Frotándose las contusiones, Stephen considera ese comentario y acaba llegando a la conclusión de que en su superficie no hay grietas donde esperar razonablemente encontrar un punto de apoyo. Observa cómo una espesa capa de albaricoque se extiende sobre la cruchade.

– El cielo de esta noche, por encima del horizonte al ponerse el sol -comenta-. Exactamente el mismo tono de naranja.

– Es un plato tradicional de la región. -Saint-Pierre le tiende la fuente-. No gusta a todo el mundo -dice esperanzado-. Pruebe un trocito.

– Delicioso.

Saint-Pierre suspira.

12

En París habían decidido antedatar el futuro, que se consideró iniciado con la proclamación de la República, una e indivisible, en otoño de 1792. De modo que doce meses después, el primer nuevo calendario proclamaba que ya era el año II. Era como si hubieran trazado una línea debajo del pasado, sumado sus logros y descubierto que el total era poco impresionante, pensó Joseph. Como si ya hubieran malgastado demasiado tiempo y no tuvieran más que perder.

Saint-Pierre siguió con la mirada la de Joseph. Vendémiaire, el mes de la vendange o vendimia. La ilustración del calendario mostraba a una joven escultural con los brazos llenos de racimos de uva y hojas de parra alrededor de su frente. Sus redondos pechos al descubierto insinuaban una voluptuosidad en picante contraste con su mirada acusadora.

– Por lo menos no es san Marcos.

– ¿Perdón?

– El patrón de los viñedos.

– Ah. -Joseph limpiaba sus anteojos-. Sí, sin duda es diferente.

– Ustedes los hombres de la Revolución son poetas. Los nombres que han invocado: brumario, el mes brumoso, pradial, el mes de los prados.

– Es el culto a la naturaleza. Liberado de las supersticiones cristianas de que está cargado el viejo calendario. Los republicanos vivirán en armonía con los ritmos del mundo natural.
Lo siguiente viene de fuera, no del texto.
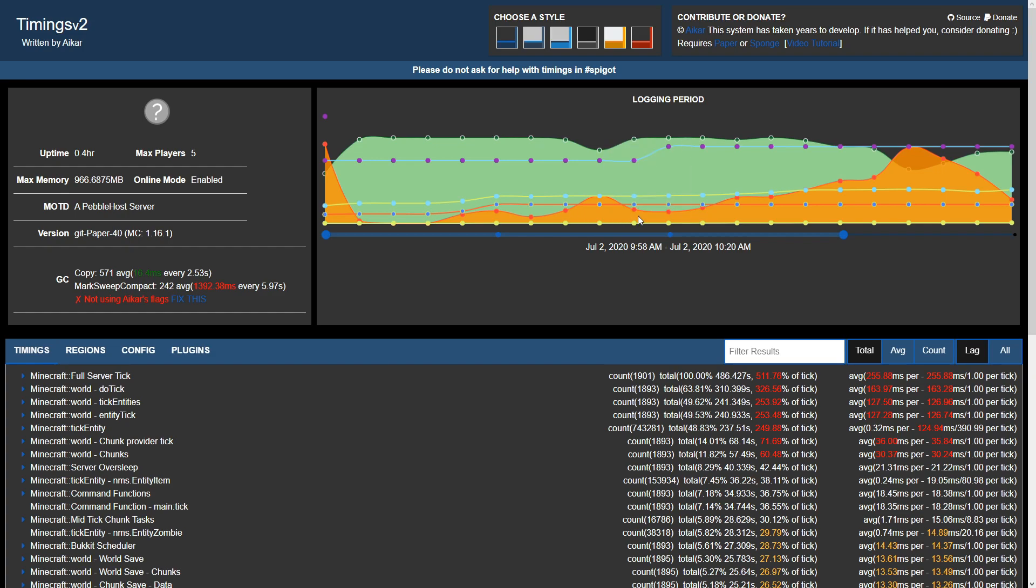On the other hand, the red and orange line will represent TPS loss. This is how many ticks went above 50 milliseconds. Ticks will need to be below 50 milliseconds in order to occur 20 times a second. As you can see, we'll also have a dark blue data point representing the amount of players on the server at that time.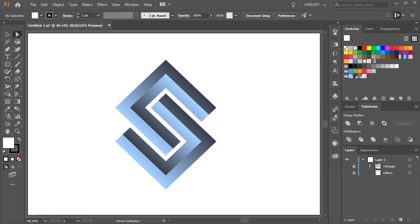Hello, today I'm going to show you how to create this letter S-shape logo.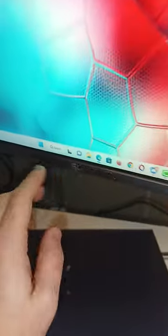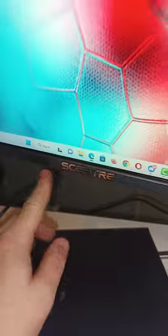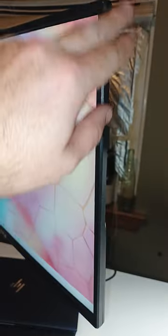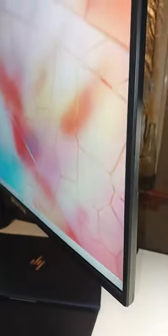All right, we have the Sceptre, probably not pronouncing that right, gaming monitor. Is this an actual gaming monitor? That's going to be up to you. It is only 75 hertz, a lot of gaming monitors are a lot faster than that.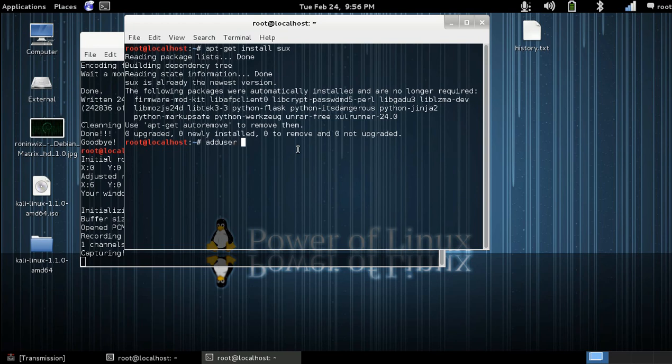So we're going to use adduser, and then since I already have a user in there, but it's just adduser and the name of the user, like something like this.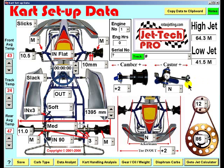Collection and analysis of chassis setup data is vital to improving lap times and helping you understand your kart racing chassis. In a later video, I will explain the new data analyst feature of Jettec Pro, which moves kart chassis setup recording to another level.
– Que les concede al parecer un solo día de descanso cada diez días. ¿Está seguro de que quieren que los liberen de los domingos?

– Las unidades decimales son más lógicas.

– Solo por un arbitrario capricho de la aritmética. ¿Y si contáramos en unidades de nueve o de doce?

Joseph notó, con algo parecido a la desesperación, que la conversación se le estaba yendo de las manos.

El oficinista que estaba sentado en un cuchitril fuera de la oficina de Saint-Pierre entró tímidamente después de llamar y entregó al magistrado uno, dos, cuatro documentos que requerían su firma urgente.

Con un esfuerzo, Joseph logró no mirar a la mujer del calendario. Todas las superficies de la atestada oficina -el escritorio, los armarios, las sillas, el suelo- estaban inundadas de cajas llenas de escrituras y fajo sobre fajo de documentos atados con una cinta escarlata. Había una estrecha ventana, adornada con telarañas, que miraba al este. Reparó en el olor a lacre, y en una fila de hormigas que salían en una línea oblicua de detrás de una estantería.